Disposal and Liquidation

Knowledge Support Systems Group Plc
16 May 2003



16 May 2003

Knowledge Support Systems Group Plc (the 'Company' or 'KSSG')


Proposed disposal of Knowledge Support Systems Limited and members' voluntary
liquidation of KSSG.

KSSG is pleased to announce that it has entered into a conditional contract with
Eurovestech PLC, an existing investor in KSSG, for its principal trading
subsidiary, KSSL.

Trevor Goul-Wheeker, Non-executive Chairman of KSSG, stated, 'We are pleased to
announce this transaction which marks the end of our strategic review to return
value to shareholders, whilst allowing the business in KSSL to continue to
develop under the ownership of a very supportive and high-calibre investment
manager.'

Richard Bernstein, Chief Executive of Eurovestech PLC, stated, 'We are pleased
to have the opportunity to acquire KSSL, whose business we have followed closely
since first investing in KSSG in July 2002. We believe that, under our
ownership, the management team will have greater flexibility to develop the
business.'

The transaction will involve the purchase by Eurovestech PLC of KSSL followed by
a members' voluntary liquidation of the KSSG shell that remains. The key points
are summarised below:

   •Proposed sale of the principal trading subsidiary, KSSL to Eurovestech
    PLC.

   •Proposed members' voluntary liquidation of the Company following the sale
    of KSSL.

   •Expected aggregate cash distribution to Shareholders of approximately £14
    million, representing approximately 18.5 pence per share (fully diluted).

   •The Company has received irrevocable undertakings to vote in favour of
    the Proposals from those Directors who hold Ordinary Shares and from
    substantial shareholders in respect of, in aggregate, 39,268,847 Ordinary
    Shares, representing approximately 53 per cent. of the issued share capital
    of the Company. Including Eurovestech PLC, Shareholders holding, in
    aggregate, approximately 62 per cent. of the issued share capital have
    expressed their support for the Proposals.

   •Eurovestech PLC is an investment company which operates a pan-European
    development capital fund, focussing on high-technology enterprises. Its
    shares are traded on the Alternative Investment Market of the London Stock
    Exchange.





Enquiries:

Knowledge Support Systems Group Plc                Tel: +44 (0)161 228 0040
Trevor Goul-Wheeker, Non-executive Chairman
Iain Cockburn, Chief Executive

Investec Investment Banking                        Tel: +44 (0)20 7597 5970
James Grace
Lee Aston








16 May 2003

Knowledge Support Services Group Plc (the 'Company' or 'KSSG')

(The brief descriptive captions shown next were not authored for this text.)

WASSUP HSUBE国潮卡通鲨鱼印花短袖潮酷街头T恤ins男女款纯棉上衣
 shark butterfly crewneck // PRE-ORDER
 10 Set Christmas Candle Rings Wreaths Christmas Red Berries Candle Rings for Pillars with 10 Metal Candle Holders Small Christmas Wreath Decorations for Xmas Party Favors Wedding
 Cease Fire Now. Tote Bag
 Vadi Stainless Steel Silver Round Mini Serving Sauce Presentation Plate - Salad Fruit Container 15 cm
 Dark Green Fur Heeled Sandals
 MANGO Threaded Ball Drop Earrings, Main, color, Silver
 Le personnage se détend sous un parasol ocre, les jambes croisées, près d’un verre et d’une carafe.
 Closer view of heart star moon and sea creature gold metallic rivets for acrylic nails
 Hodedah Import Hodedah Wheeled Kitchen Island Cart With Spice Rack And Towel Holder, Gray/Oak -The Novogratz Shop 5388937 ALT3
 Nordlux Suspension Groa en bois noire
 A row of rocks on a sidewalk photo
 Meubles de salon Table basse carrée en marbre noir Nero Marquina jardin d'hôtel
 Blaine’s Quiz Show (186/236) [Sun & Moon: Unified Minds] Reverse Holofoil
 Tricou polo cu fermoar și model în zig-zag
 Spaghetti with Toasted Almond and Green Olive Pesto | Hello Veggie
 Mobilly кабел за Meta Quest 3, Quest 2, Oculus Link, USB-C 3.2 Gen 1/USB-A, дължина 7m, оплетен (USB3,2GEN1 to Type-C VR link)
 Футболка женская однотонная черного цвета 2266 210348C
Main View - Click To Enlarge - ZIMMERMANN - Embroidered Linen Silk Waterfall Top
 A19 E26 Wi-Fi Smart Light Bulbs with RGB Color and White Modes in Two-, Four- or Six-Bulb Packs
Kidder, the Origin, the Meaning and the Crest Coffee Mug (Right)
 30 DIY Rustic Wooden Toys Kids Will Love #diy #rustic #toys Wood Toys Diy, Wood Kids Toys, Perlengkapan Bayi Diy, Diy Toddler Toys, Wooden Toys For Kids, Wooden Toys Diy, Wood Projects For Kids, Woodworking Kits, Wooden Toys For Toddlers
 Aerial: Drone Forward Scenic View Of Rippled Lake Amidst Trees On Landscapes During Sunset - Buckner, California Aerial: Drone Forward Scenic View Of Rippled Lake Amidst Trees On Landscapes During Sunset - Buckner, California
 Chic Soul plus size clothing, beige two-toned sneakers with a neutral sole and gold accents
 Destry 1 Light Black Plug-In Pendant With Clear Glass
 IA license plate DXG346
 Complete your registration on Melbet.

Proposed disposal of Knowledge Support Systems Limited and members' voluntary
liquidation of KSSG

Introduction and background to the Proposals

On 25 June 2002, the Board announced that it was to undertake a review of the
retail division of the Company, as a result of continued slow progress in
generating a revenue pipeline in that part of the business. This review was
subsequently expanded in scope to include a review of all options for maximising
Shareholder value, including, inter alia, continuing to pursue the Group's
business plans as an independent entity, returning excess cash to Shareholders,
liquidation of the Group, a sale of the Group or parts thereof or a combination
of these options.

Shareholders holding a majority of the issued Ordinary Shares have clearly
expressed to the Board their desire to receive as much cash for their investment
in KSSG as possible, in the shortest timeframe. The Company has therefore, over
the past six months, explored all possible means of returning excess cash to
Shareholders, has actively sought a purchaser for the Group or parts thereof and
has pursued discussions with, and provided comprehensive due diligence
information to, a number of parties.

As a result of this process, the Company announces today the following
Proposals:

 i. to sell KSSL (the principal trading subsidiary of the Group) to Eurovestech.
    The effect of the arrangements for the sale of KSSL will be to transfer a
    number of ongoing and contingent liabilities from the Company to KSSL such
    that the Company will be left with cash and a limited number of creditors
    (mainly adviser costs and redundancy payments to Directors); and

ii. following, and conditional upon, completion of the Disposal, to place the
    Company into a members' voluntary liquidation. On liquidation, the
    Liquidators will, after paying or providing for all known actual and
    contingent liabilities of the Company, distribute the Company's then
    existing cash, which will include the proceeds from the Disposal, to
    Ordinary Shareholders. The Directors expect that, in aggregate, an amount of
    approximately £14 million, representing approximately 18.5 pence per Share
    will be available for distribution to Ordinary Shareholders. The Board
    expects that, following the Disposal, the liabilities of the Company will be
    limited and should therefore be settled rapidly, enabling the Liquidators to
    distribute approximately ninety per cent. of the expected Liquidation
    proceeds within fourteen days of commencement of the liquidation with the
    remainder being paid within approximately six months of the commencement of
    the liquidation.

The Proposals will require the approval of Shareholders, which is to be sought
at an Extraordinary General Meeting of the Company to be convened in due course.


The Proposals

Sale of KSSL

The Company announces today that it has entered into a conditional agreement for
the sale of the whole of the issued share capital of KSSL to Eurovestech.
Eurovestech is an investment company which operates a development capital fund,
focussing on high-technology enterprises. Its shares are traded on the
Alternative Investment Market of the London Stock Exchange.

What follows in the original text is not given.